Interestingly, 12% said they would not take any further actions even if accessibility became*** a legal requirement, meaning that a significant minority of businesses would be prepared to break the law to avoid having to update their sites. 12% said they would go so far as to shut their sites down as “it wouldn’t affect our trade”. The vast majority said that under those circumstances, they would ask the advice of designer or a consultant, and a quarter said they would order a redesign immediately.
This means that the answer to the question of whether SMEs are prepared to accept the cost appears to be ‘yes’ on the whole, providing they are made more aware of the existing laws, otherwise there is a fifty-fifty chance of adoption, assuming they are presented with the ‘choice’ by a designer.
Clark (2002: 17-23) makes a convincing argument that accessibility can be beneficial to any business regardless of size, whilst also drilling home the necessity to accede to the law. Noise for change from pro-accessibility groups seems to be growing, and following the recent courtroom defeat of the UK store Target (Powell 2006), it is possible to assume that a similar case in the UK is not too far away. It appears that if businesses are not financially forced into complying, they will have to avoid the law at their own risk.

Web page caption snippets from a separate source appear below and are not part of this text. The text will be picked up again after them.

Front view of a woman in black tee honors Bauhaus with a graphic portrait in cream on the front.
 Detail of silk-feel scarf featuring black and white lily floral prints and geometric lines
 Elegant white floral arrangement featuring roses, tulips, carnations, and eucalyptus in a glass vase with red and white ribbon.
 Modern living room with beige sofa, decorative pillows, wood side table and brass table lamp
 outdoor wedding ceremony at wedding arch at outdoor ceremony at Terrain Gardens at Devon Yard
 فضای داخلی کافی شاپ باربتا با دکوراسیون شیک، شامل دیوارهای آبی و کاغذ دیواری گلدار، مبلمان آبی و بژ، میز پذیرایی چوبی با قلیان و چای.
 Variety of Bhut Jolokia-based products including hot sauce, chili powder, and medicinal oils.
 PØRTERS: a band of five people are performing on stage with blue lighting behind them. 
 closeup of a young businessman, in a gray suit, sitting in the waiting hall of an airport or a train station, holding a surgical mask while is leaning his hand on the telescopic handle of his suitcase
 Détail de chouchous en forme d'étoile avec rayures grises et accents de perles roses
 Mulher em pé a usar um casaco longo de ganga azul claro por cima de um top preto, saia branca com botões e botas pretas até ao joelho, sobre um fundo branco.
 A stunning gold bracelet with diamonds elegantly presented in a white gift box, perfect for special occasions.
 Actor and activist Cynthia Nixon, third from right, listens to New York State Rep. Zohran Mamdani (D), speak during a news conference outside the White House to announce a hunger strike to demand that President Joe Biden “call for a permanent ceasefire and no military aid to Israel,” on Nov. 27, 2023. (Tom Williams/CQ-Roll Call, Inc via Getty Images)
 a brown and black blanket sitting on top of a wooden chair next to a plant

Lemon contends that despite the apparent lack of acceptance to date, SMEs will soon realise that the benefits outweigh the disadvantages and choose to invest,
Can they afford not to? If you had a shop, wouldn't you want it in a prime position where everyone could find it with easy access to everything in the shop? (...) Unlike real-estate, the Web as a medium doesn't charge a premium for prime positions.
John Oxton also provides an optimistic outlook for the future of web accessibility,
The good news (…) is that many are looking to redesign their sites for perhaps the second or third time, so there is an opportunity for it to just happen, naturally.
** An A-Lister is a high profile web developer, who might contribute to the industry journal ‘A List Apart’, or who is renowned for their expert knowledge in good practice and standards.
†† The Britpack is a group of high profile UK based designers with a vested interest in good practice.
‡‡ Semantic mark-up is designed to provide machine readability so that disabled users can have content read out loud (for example). A side effect is that it increases the ease in which a search engine can index the keywords and phrases in a page through clear context.
§§ Since this there has been one more case, Target in the US were successfully sued in 2006 (Powell 2006)
*** In order not to lead the opinions expressed, data was collected without influencing the respondents understanding of the law. The questionnaire was designed not to imply that accessibility is already a legal requirement.